REQUIRED WORK » Once the line containing "Abraço Especial de Dia das Mães" is found in the material below, it and every line after it should be transcribed exactly, with pictures left out and nothing added.

SUPPLIED MATERIAL »
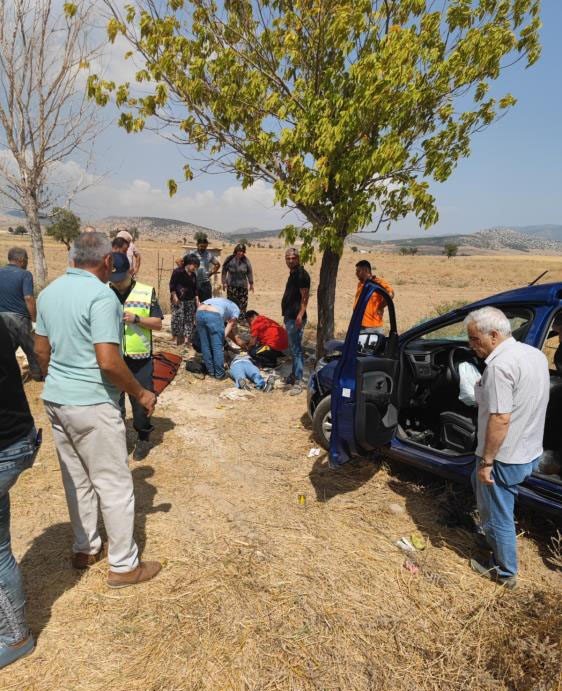 Korkuteli’nde Zincirleme Kaza: 2’si Ağır 6 Yaralı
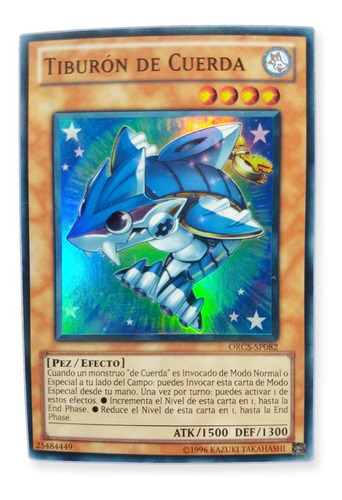 Yugi-oh! Wind-up Shark Cblz-ense1 Super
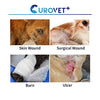 CUROVET HealiMax, Wound Care Gel for Dogs and Cats, 0.35oz. Safe and Easy Care with 100% Natural Ingredients. Burn, Ulcer and Surgical Wound.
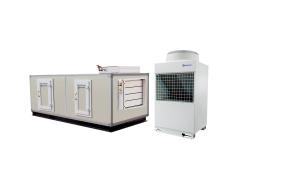 Clean Room Double Skin DX Air Handling Units 30/50 mm PU Insulation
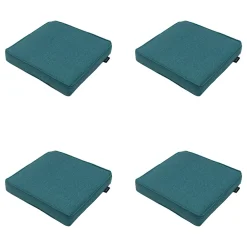 Madison Sitzkissen^Sea Blue Canvas Eco+ Sitzkissen - 4er-Set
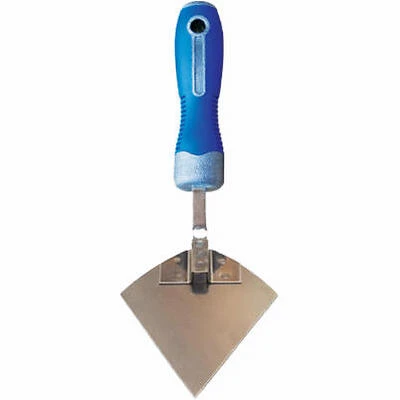 Cool Grip Drywall Knife, Pie-Shaped, 3.5 In. Steel Blade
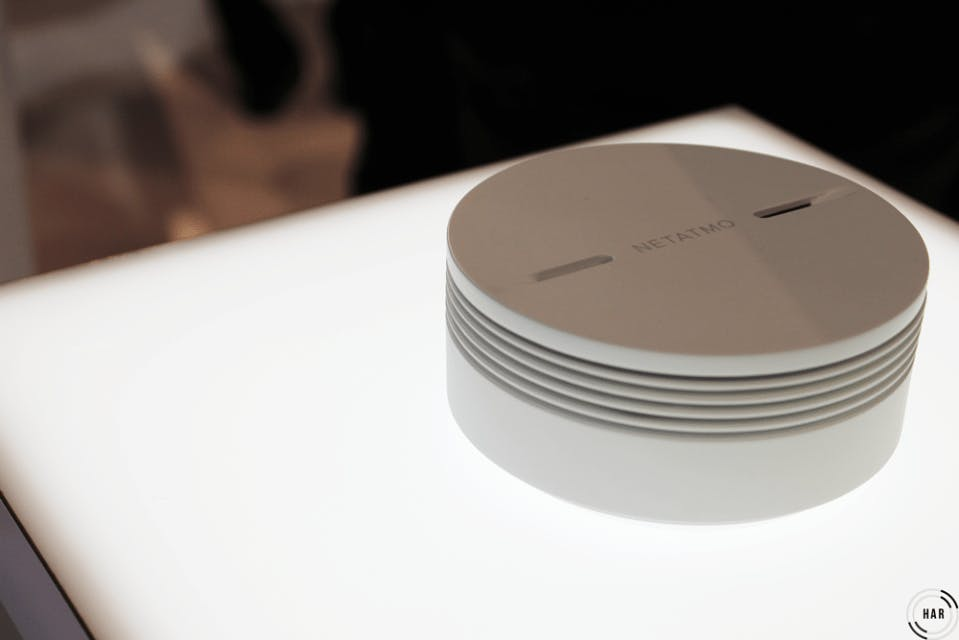 Netatmo Smoke Alarm Netatmo Smoke Alarm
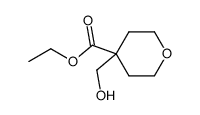 4-(hydroxymethyl)tetrahydropyran-4-carboxylic acid ethyl ester picture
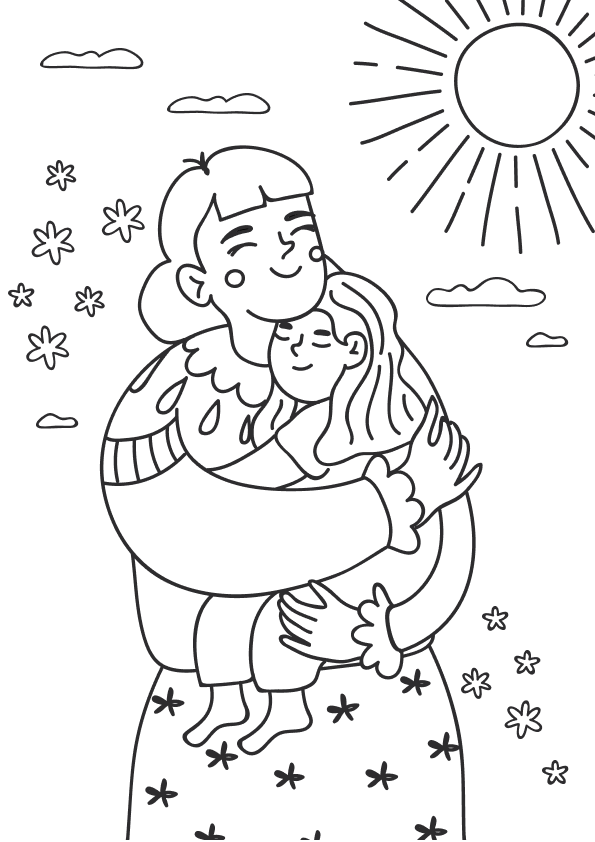 Abraço Especial de Dia das Mães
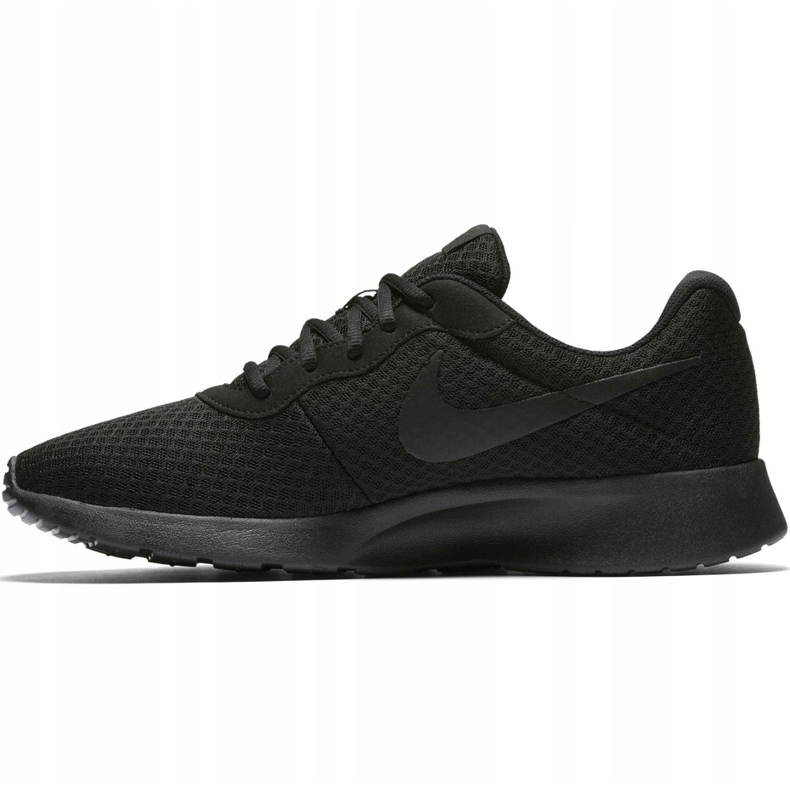 Nike Tanjun 812654 001 chaussures pour hommes noir 1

EXPECTED ANSWER »
 Abraço Especial de Dia das Mães
 Nike Tanjun 812654 001 chaussures pour hommes noir 1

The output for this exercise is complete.